An effort to celebrate national Foreign Language Week by reading the Pledge of Allegiance in Arabic Wednesday has polarized Pine Bush High School into angry factions.
The morning’s regularly scheduled announcements included the Arabic reading of the pledge. According to students, the announcement was greeted by catcalls and angry denunciations in classrooms throughout the school by students who felt the reading was inappropriate.
The reading became the subject of angry talk throughout the school and a cascade of tweets both from students who criticized the reading and those who supported it.
The controversy has “divided the school in half,” according to school Superintendent Joan Carbone. She described the reading as “something that was supposed to be good but turned out not to be.”
Early Wednesday afternoon, high school Principal Aaron Hopmayer made a building-wide announcement explaining the reading’s context and apologizing to students who took offense.
The apology appears to have done little to quell the situation; it may, in fact, have fueled resentment from students who feel the reading was appropriate.

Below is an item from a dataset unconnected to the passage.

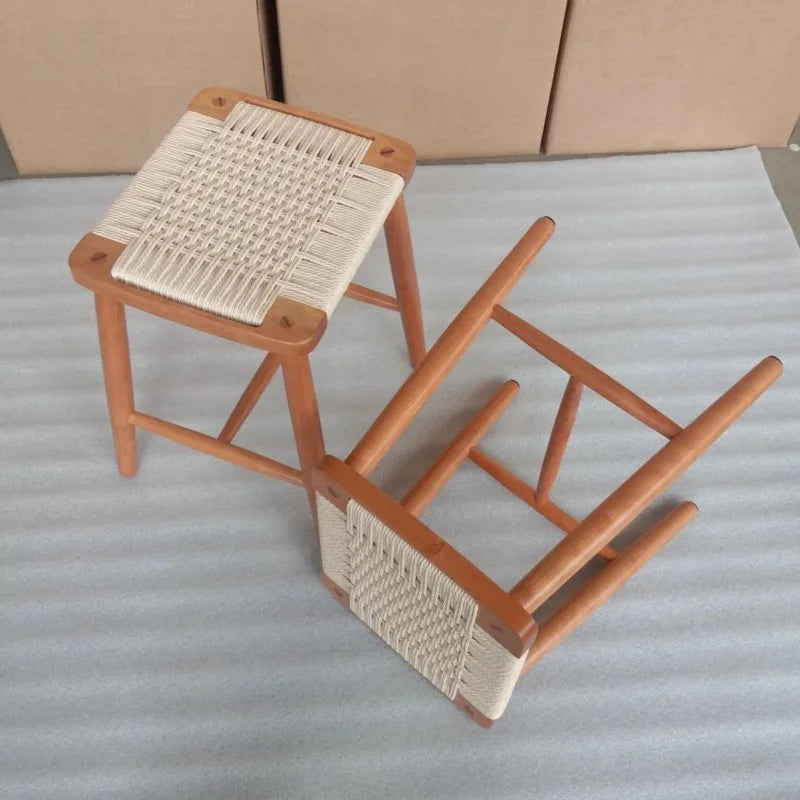 Handmade Cherry Wood Woven Stool – Modern Minimalist Furniture Woven Wood Stool Babs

Carbone said she had received complaints from district residents who had lost family members in Afghanistan and from Jewish parents who were equally outraged by the reading.
Pine Bush is no stranger to controversy. In 2013, Jewish parents sued the district and administrators in federal court, accusing them of being indifferent to chronic anti-Semitic behavior.
Carbone said she has learned that state Education Department regulations specifically say the Pledge of Allegiance should be read in English.
Students on both sides of the issue took to Twitter to voice their feelings. Said one, “People who don’t like PB should take a vacation. I hear the Middle East is nice this time a year?”
Another student tweeted, “The pledge should always be said in English. They could’ve just said “Good Morning” in a different language each day.”
A student who supported the reading, senior Miranda Monroe, said she felt it was “wrong to discriminate - the whole thing is wrong.”
Andrew Zink, president of the student assembly and senior class president, ordinarily reads the morning announcements. When he was asked to allow the reading to take place in Arabic, he agreed, but added in a telephone interview later, “I knew exactly what would happen.”
“I knew many wouldn’t support it,” he said.
Nevertheless, Zink said he’d do it again, “Because it’s the right thing to do.”